Heinz Fricke withdraws from Washington National Opera fall engagements

Health issues have caused Washington National Opera music director Heinz Fricke to withdraw from conducting the company's production of Ariadne auf Naxos (Oct. 24 - Nov. 13) and a concert version of Götterdämmerung (Nov. 7 and 15). Andreas Delfs will take over the Strauss work, Philippe Auguin the Wagner. Last season, Fricke had to skip WNO's Siegfried production as well; he was recovering from heart surgery.

A press release quotes Fricke from his home base, Berlin: “I was so looking forward to being in Washington with my orchestra, especially for such stunning works as Ariadne and Götterdämmerung. Ultimately though, it is in my best interest to heed my doctors’ advice and therefore regret I am not able to make the trip to Washington. Given the reality of the situation, I am honored to pass the baton to maestros Delfs and Auguin; WNO audiences should be quite pleased to have such experts in the pit.”

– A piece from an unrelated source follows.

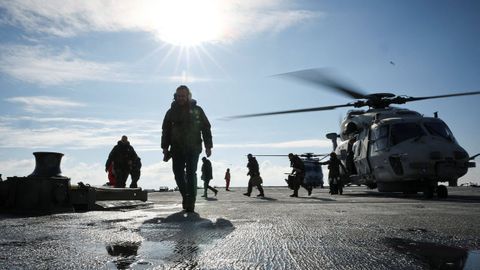 El ministro de Defensa alem�n, Boris Pistorius, durante un ejercicio en el B�ltico en el mes de febrero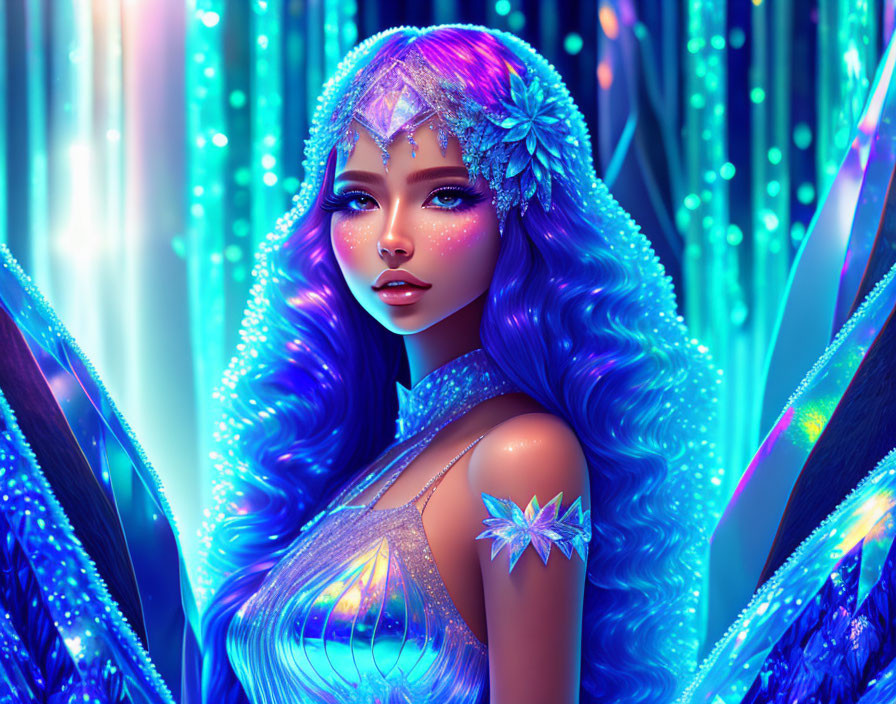 Fantasy illustration: Woman with blue hair and crystal adornments on neon blue background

From WNO's general director Plácido Domingo: “Heinz Fricke is a beloved member of the WNO family, and a maestro in the truest sense of the word. His expertise in the music of Strauss, with whom he studied, and of Wagner would have made for thrilling performances. We are all disappointed that he is not able to be with us this fall, but are pleased that his health is progressing well. We wish him all the best.”

Delfs and Auguin will be making their WNO debuts. 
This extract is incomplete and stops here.